Good faith in pre-contractual liability: opportunistic behaviour and hold-up in ex ante contract negotiations
Angelo Castaldo, Gianluigi Galeotti, Elisabetta Conte
Last modified: 2009-11-23
Abstract
During negotiations, parties plan an exchange that will occur in the future, and that consequently produces a high level of uncertainty regarding both contract conditions and the final outcome. During this phase, parties are requested to act in good faith, so good faith could be used as the parameter to understand when a form of pre-contractual liability is necessary, and which is the efficient level of liability. Once analyzed the different models of pre-contractual liability, the aim of our work is to clarify the social function which responds to the civilistic norm that introduces pre-contractual liability, given the induced effect on agents behavior and the consequences that it determines on the efficiency of the exchanges.

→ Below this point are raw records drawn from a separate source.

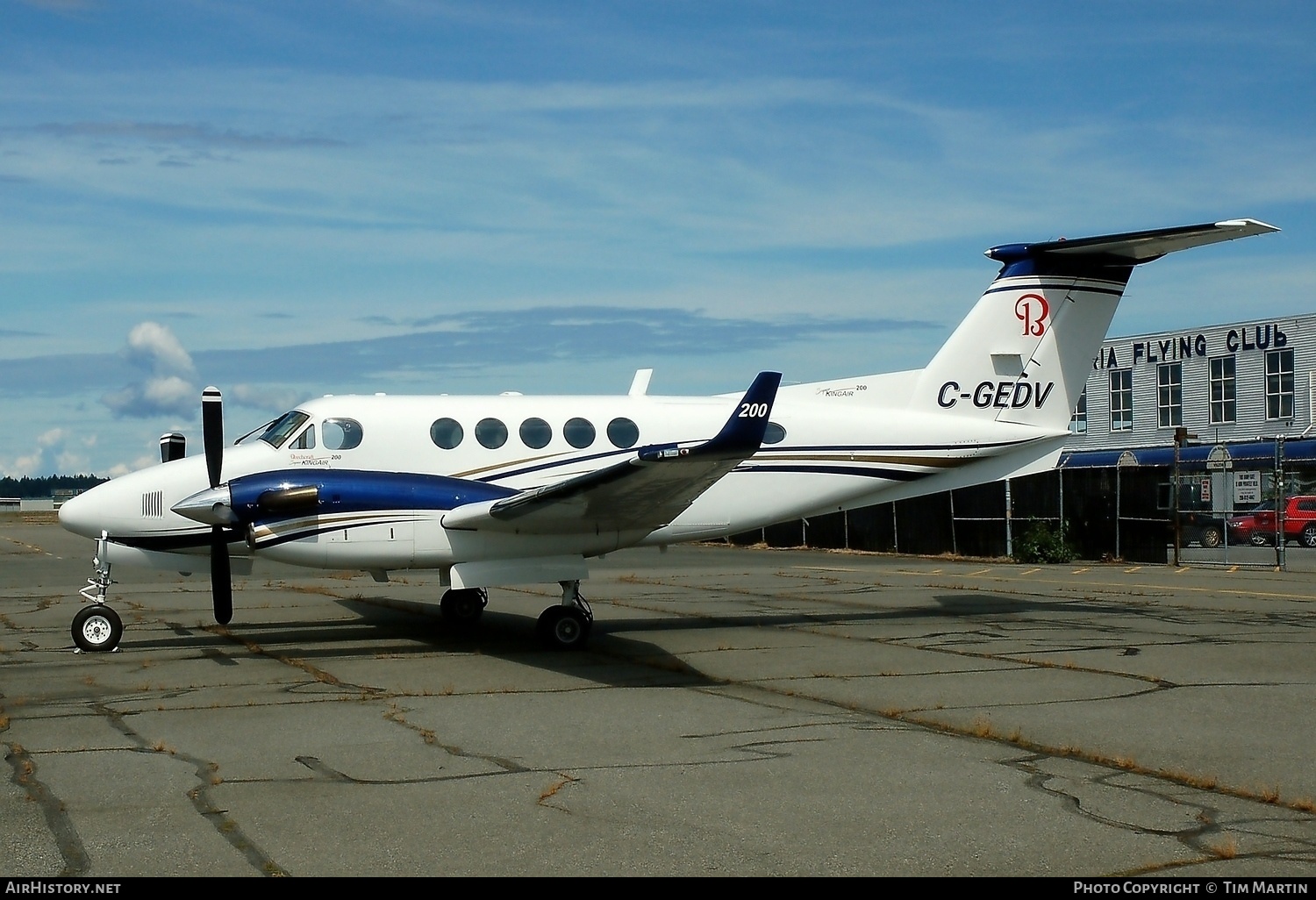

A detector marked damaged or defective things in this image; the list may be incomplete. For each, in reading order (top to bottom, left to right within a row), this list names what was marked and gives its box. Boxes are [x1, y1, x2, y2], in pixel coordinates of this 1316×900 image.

cracked concrete pavement [2, 516, 1316, 874]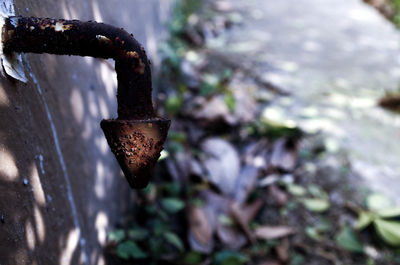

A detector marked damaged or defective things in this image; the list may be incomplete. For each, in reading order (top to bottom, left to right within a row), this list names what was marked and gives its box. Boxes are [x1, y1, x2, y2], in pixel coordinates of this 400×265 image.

corroded metal surface [1, 16, 170, 188]
rusty spout [2, 16, 170, 188]
rusty metal pipe [2, 16, 170, 188]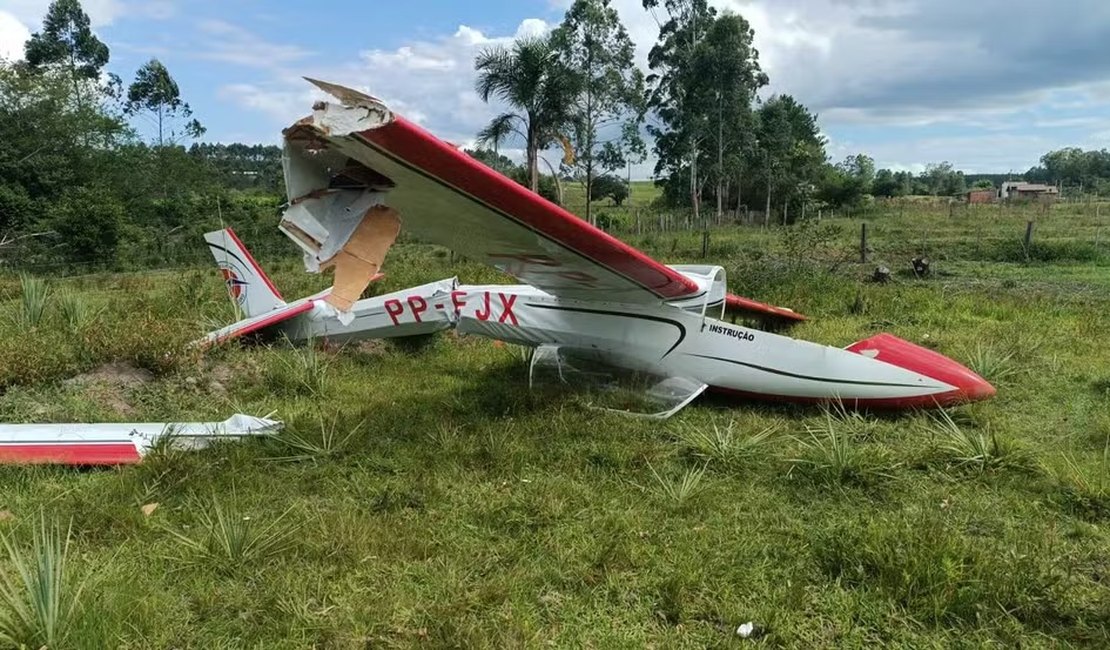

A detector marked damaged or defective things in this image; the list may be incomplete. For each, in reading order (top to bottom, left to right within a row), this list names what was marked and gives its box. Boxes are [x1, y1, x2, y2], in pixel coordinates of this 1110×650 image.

damaged tail section [204, 227, 284, 318]
crashed small airplane [204, 78, 996, 418]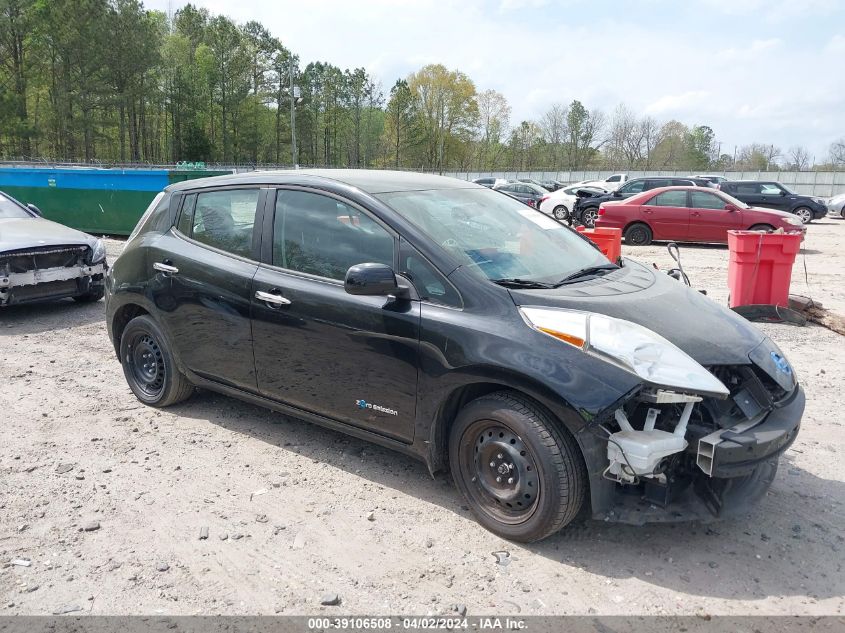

We will focus mainly on two issues: the missed disclosure of information as a breach of the duty to act in good faith and the cases in which the introduction of a duty to disclosure is efficient; the hold-up problem as a violation of the good faith principle and as a opportunistic behavior related to the level of reliance adopted by the party who hasn’t made specific investment. Our aim is to identify and to explain the reasons of the efficiency enhancement due to the introduction of a pre-contractual liability regime in these cases.